I do more than just SQL Server. I enjoy programming. In my former life I have worked with C/C++ and Assembler. As I spent more and more time with SQL Server my programming took a back seat career wise. Having that background though really helps me day in and day out understanding why SQL Server does some of the things it does at the system level.
Fast forward several years and I’ve moved away from C/C++ and spent the last few years learning C#.
Now that I work mostly in C# I do look up solutions for my C# dilemmas on sites like http://www.codeplex.com and http://www.codeproject.com. I love the internet for this very reason, hit a road block do a search and let the collective knowledge of others speed you on your way. But, it can be a trap if you don’t do your own homework.
I write mostly command line or service based tools these days not having any real talent for GUI’s to speak of. Being a person obsessed with performance I build these things to be multi-threaded, especially with today’s computers having multiple cores and hyper threading it just makes since to take advantage of the processing power. This is all fine and dandy until you want to have multiple threads access a single file and all your threads hang out waiting for access.
So, I do what I always do, ask by best friend Google what the heck is going on. As usual, he gave me several quality links and everything pointed to the underlying file not being set in asynchronous mode.

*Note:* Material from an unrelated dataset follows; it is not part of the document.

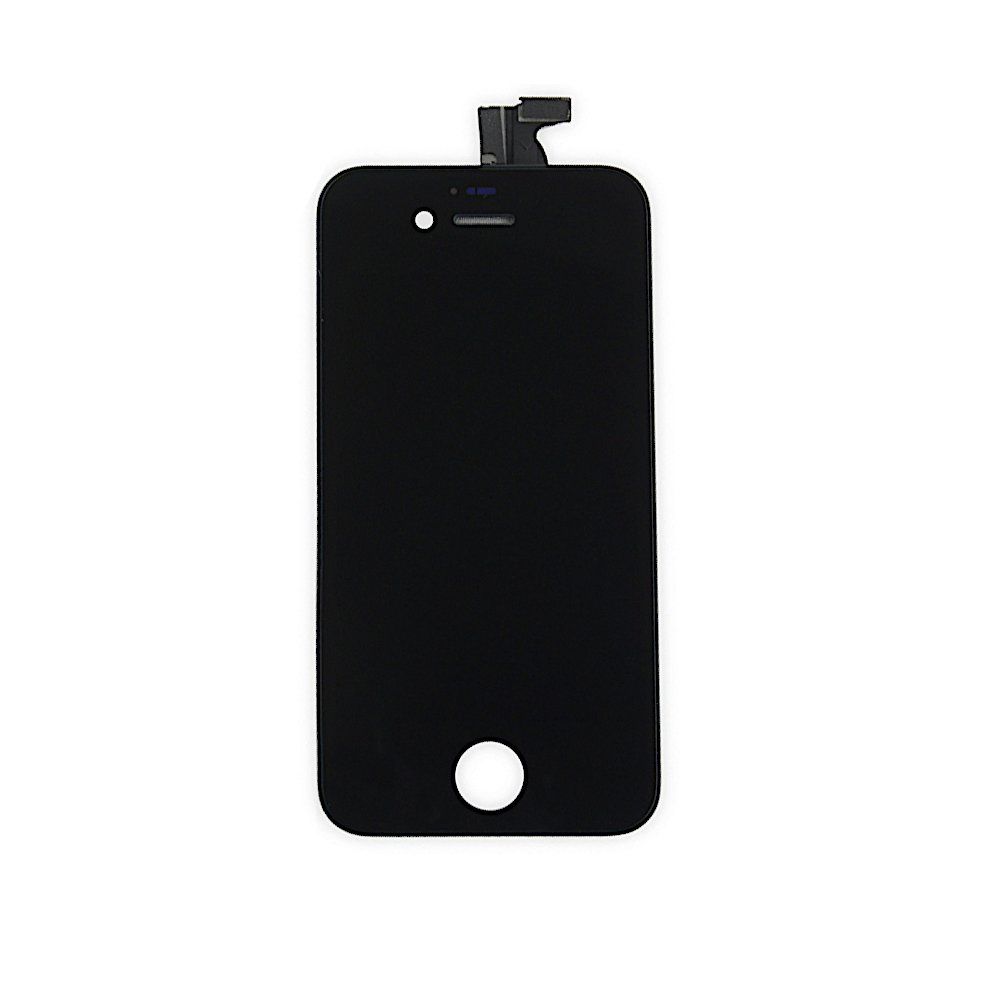 Monitor: iPhone 4 LCD Display schwarz – Nuovo e nell'imballaggio originale da Bern venduto da SmartfunCH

Now having done a lot of C++ I knew about asynchronous IO, buffered and un-buffered. I could have made unmanaged code calls to open or create the file and pass the safe handle back, but just like it sounds it is kind of a pain to setup and if you are going down that path you might as well code it all up in C++ anyway.

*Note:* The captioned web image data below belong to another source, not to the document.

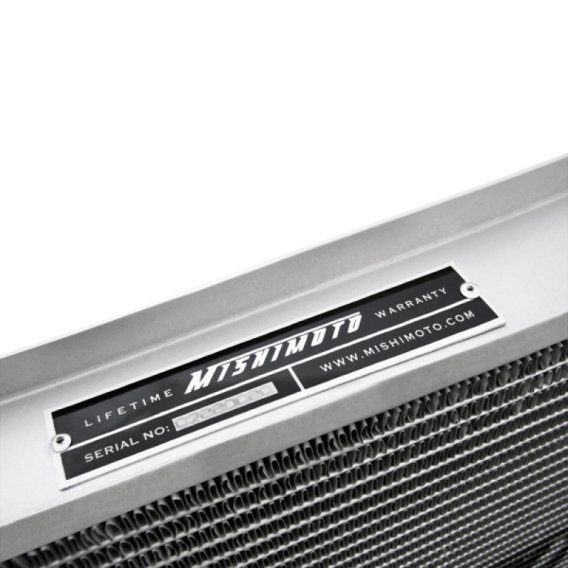 MM Radiators - Alum
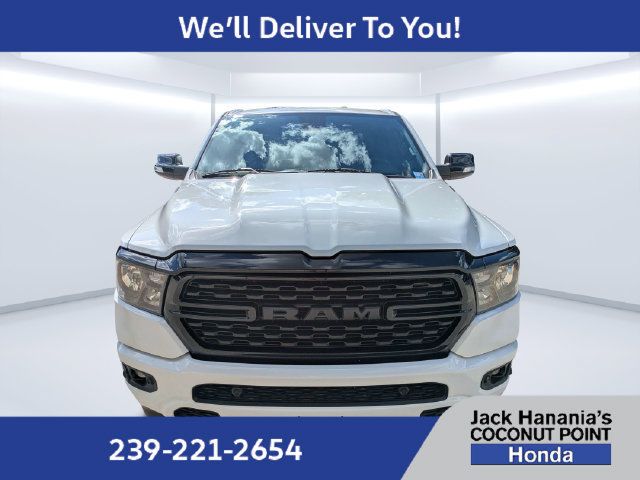 Used 2022 RAM 1500 Big Horn RWD image 8
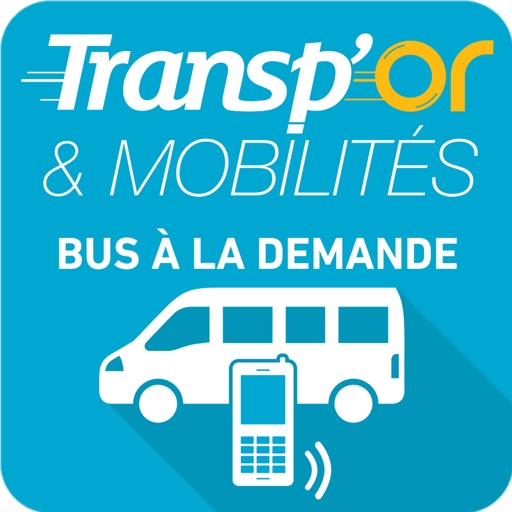 Bus à La Demande-Pays de l'Or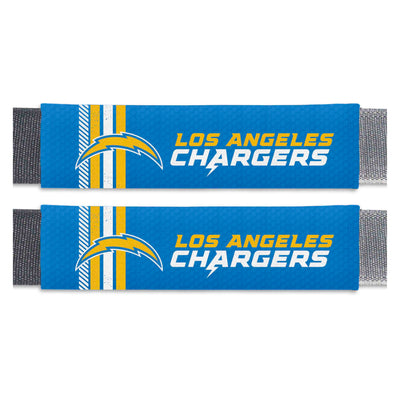 NFL - Los Angeles Chargers Rally Seatbelt Pad - Pair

Doing a little reading on MSDN I found all the little bits I needed to set everything to rights. I set up everything to do asynchronous IO and I started my test run again. It ran just like it had before slow and painful. Again, I had Mr. Google go out and look for a solution for me, sometimes being lazy is a bad thing, and he came back with several hits where people had also had similar issues. I knew I wasn’t the only one! The general solution? Something I consider very, very .Net, use a background thread and a delegate to keep the file access from halting your main thread, so your app “feels” responsive. It is still doing synchronous IO. Your main thread goes along but all file access is still bottle-necked on a single reader/writer thread. Sure, it solves the issue of program “freezing” up on file access but doesn’t really solve the problem of slow file access that I am really trying to fix.
I know that SQL Server uses asynchronous un-buffered IO to get performance from the file system. I did some refresh reading on the MSDN site again and struck gold. Writes to the file system may OR may not be asynchronous depending on several factors. One of which is, if the file must be extended everything goes back to synchronous IO while it extends the file. Well, since I was working with a filestream and a newly created file every time I was pretty much guaranteeing that I would be synchronous no matter what. At this point I dropped back to C++. I started to code it up when I realized I was doing things differently in my C++ version.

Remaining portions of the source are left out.